Re- you are 100% correct. Homecooked is a completely different ballgame and cannot even be compared to raw or even kibble. It's a class of it's own. Which is why I cannot provide help or knowledge when it comes to homecooked. 

I think it's great that rukusluvr has made the switch over to something better than kibble! Because all that matters in the end is if we have our dogs AND our own best interest in mind :biggrin:


----------



## magicre (Apr 7, 2010)

danemama08 said:


> Re- you are 100% correct. Homecooked is a completely different ballgame and cannot even be compared to raw or even kibble. It's a class of it's own. Which is why I cannot provide help or knowledge when it comes to homecooked.
> 
> I think it's great that rukusluvr has made the switch over to something better than kibble! Because all that matters in the end is if we have our dogs AND our own best interest in mind :biggrin:


thanks, natalie....if i could put my girl nichi on raw, i would....but she lives with my mother in law who is in her seventies....i know she would do whatever we wanted, but i won't make her do it..and nichi barely has anymore teeth and she is almost 14 years old...

once a month, i make her food....she's perky...nutro won't kill her like it did my other three shih tzus, so there in lies the compromise and i'm happy she will live out the rest of her days eating well...

nothing wrong with home cooking, as you state..but it is a science and it does take researching to make sure everything is given that needs to be given.

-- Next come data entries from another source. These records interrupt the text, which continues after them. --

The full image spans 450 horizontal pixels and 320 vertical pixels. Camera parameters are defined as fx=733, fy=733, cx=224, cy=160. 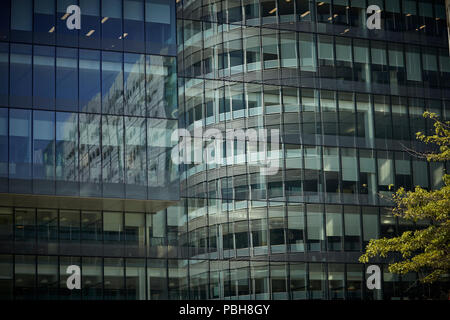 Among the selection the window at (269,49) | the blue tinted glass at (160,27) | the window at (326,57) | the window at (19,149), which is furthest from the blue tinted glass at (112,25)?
the window at (326,57)

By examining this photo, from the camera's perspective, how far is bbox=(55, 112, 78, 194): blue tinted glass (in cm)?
3694

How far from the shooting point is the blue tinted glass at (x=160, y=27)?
130 feet

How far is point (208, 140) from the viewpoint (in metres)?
43.5

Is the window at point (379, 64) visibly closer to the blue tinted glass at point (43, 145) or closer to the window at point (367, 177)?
the window at point (367, 177)

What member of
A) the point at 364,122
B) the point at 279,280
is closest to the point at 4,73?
the point at 279,280

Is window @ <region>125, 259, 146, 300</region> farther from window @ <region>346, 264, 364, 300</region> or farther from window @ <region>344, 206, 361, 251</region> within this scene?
window @ <region>344, 206, 361, 251</region>

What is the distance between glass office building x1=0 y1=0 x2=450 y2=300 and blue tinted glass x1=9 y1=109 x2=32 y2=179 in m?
0.07

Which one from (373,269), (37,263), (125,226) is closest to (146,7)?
(125,226)

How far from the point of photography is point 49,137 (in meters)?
37.1

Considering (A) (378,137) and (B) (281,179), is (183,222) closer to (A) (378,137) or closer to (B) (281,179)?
(B) (281,179)

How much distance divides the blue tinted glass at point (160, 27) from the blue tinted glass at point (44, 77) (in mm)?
5268

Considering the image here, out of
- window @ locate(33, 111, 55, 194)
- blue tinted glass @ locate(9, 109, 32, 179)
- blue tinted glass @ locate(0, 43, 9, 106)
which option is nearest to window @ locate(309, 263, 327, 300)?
window @ locate(33, 111, 55, 194)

not every dog can go raw and not every human wants to.


----------



## RawFedDogs (Jun 16, 2008)

magicre said:


> well, you could help it...you just choose not to LOL


Hehe, You misunderstood what I can't help. I can't help that dog's bodies are designed to eat and digest meat, bones and organs and they don't have the proper equipment to properly digest plant material. I didn't design dogs nor was I consulted in the process. I don't think I would have changed anything if I had been consulted. :biggrin:


----------



## magicre (Apr 7, 2010)

RawFedDogs said:


> Hehe, You misunderstood what I can't help. I can't help that dog's bodies are designed to eat and digest meat, bones and organs and they don't have the proper equipment to properly digest plant material. I didn't design dogs nor was I consulted in the process. I don't think I would have changed anything if I had been consulted. :biggrin:


hehe...no i didn't misunderstand :biggrin:


----------



## DaneMama (Jun 27, 2008)

RawFedDogs said:


> Hehe, You misunderstood what I can't help. I can't help that dog's bodies are designed to eat and digest meat, bones and organs and they don't have the proper equipment to properly digest plant material. I didn't design dogs nor was I consulted in the process. I don't think I would have changed anything if I had been consulted. :biggrin:


She didn't misunderstand you, you misunderstood her!!!  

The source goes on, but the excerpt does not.